Bu açıdan bakıldığında HDP’nin tutum belgesi günümüzün en acil meselelerini çözmek için atılacak ilk adımı başarıyla göstermiştir. Bu belge temelinde tüm demokrasi güçleri, kadınlar, gençler, emekçiler müzakereye başlayabilirler. Belgenin her başlığındaki tüm paragrafları yüksek sesle dile getirirler, sonra her başlığa dair kendi somut önerileriyle tartışmayı, müzakereyi, diyalogu ilerletebilirler.
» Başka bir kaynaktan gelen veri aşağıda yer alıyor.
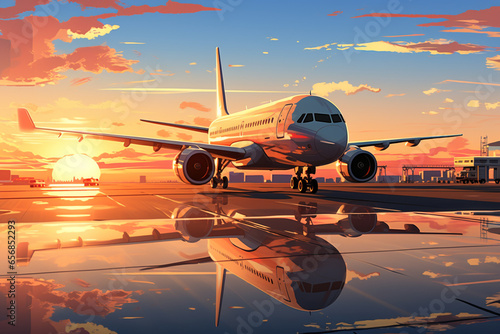 Airplane on the runway in the airport at sunset. 3d render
HDP belgesi bir “parti programı” değil. Tüm demokrasi güçlerinin birbirinden farklı programlarını hayata geçirebilmek için hepsinin aynı anda atacağı ilk adımların belgesi. Bu belgedeki yaklaşım ve önerilerde birleşenler, istisnasız bu ilk adımları attıklarında kendi ana ya da stratejik hedeflerine, program amaçlarına aynı anda yaklaştıklarını göreceklerdir.
AB üyeliği mi istiyorsunuz? Çok uzağındasınız. Ama HDP belgesi temelinde atacağınız adımlarla “geçiş sürecinden” sonra AB hedefine yaklaşmış olacaksınız. Sosyalizmi benimsiyorsunuz ve liberallerle birlikte HDP belgesi temelinde attığınız ilk adımla siz de sosyalizme yaklaşmış olacaksınız. Özgürlükçü Müslümanlar için de öyle. Laiklerle atılan ilk adım onları İslam dünyasına yaklaştıracak. Ve elbette Kürt halkının öncüleri “kadın özgürlükçü, ekolojik ve komünal toplum” idealine onların tümüyle birlikte yaklaşmış olacak.
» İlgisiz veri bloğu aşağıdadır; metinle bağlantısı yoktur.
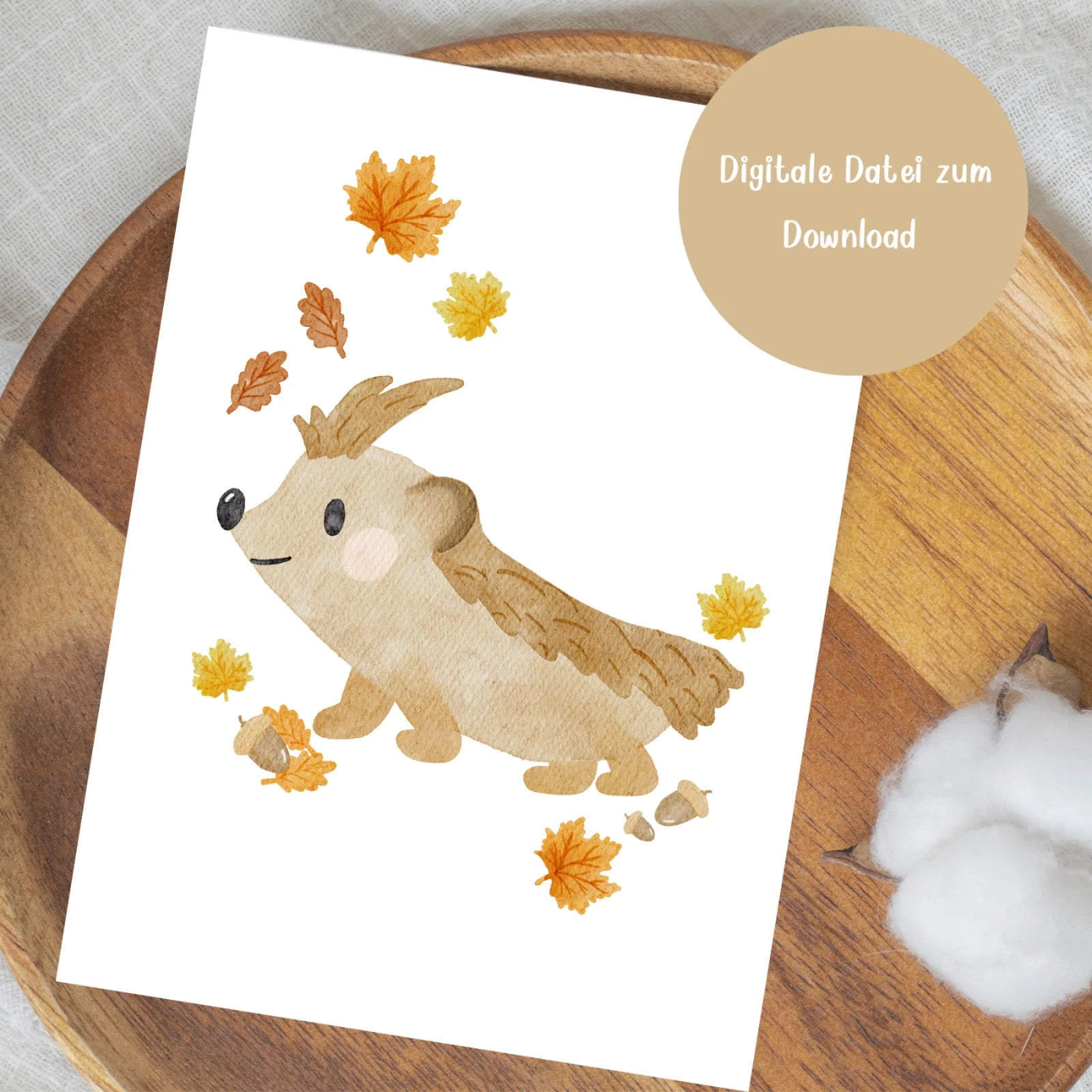 Handabdruck-Poster Igel zum Download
Kimin ipi göğüsleyeceği, ipi kimin kimlerle birlikte göğüsleyeceği, “geçiş sürecinin” derinliğine ve yaygınlığına bağlı olarak belirlenecek.
Bürokratik yöntemlerle çatılmış “ittifaklar” HDP’nin anlayışına uzak. Bu partinin ittifak anlayışı sosyolojik ve ahlaki karakter taşıyor. O nedenle mevcut “organize işler” yerine “toplumsal işlerle” uğraşıyor. Ortaya konan belge “gizli kapaklı ve güvenilmez” kulisler yerine şeffaf bir diyalogun imkanını yaratmıştır.
O halde konuşabiliriz: Belgenin hangi sözcüğüne itirazınız var? Var mı? Benim yok. Sizin?
HDP ittifak meselesini şeffaf bir ilke meselesi haline getirdi. Böylece “HDP PKK’nin uzantısıdır, CHP uzantıyla ittifak yapmaktadır, İyi Parti de uzantıyla ittifak yapan CHP’yle ittifak halindedir, hepsi PKK ile ittifak yapmaktadır” diye konuşan Erdoğan’ı susturmuş, Millet İttifakı’nı da “Kürdün oyuna değil, yazdığına bakın” diyerek okur yazar haline getirmiştir.
Bu belgeyle HDP, biricik Türkiye partisi olduğunu kanıtlamıştır.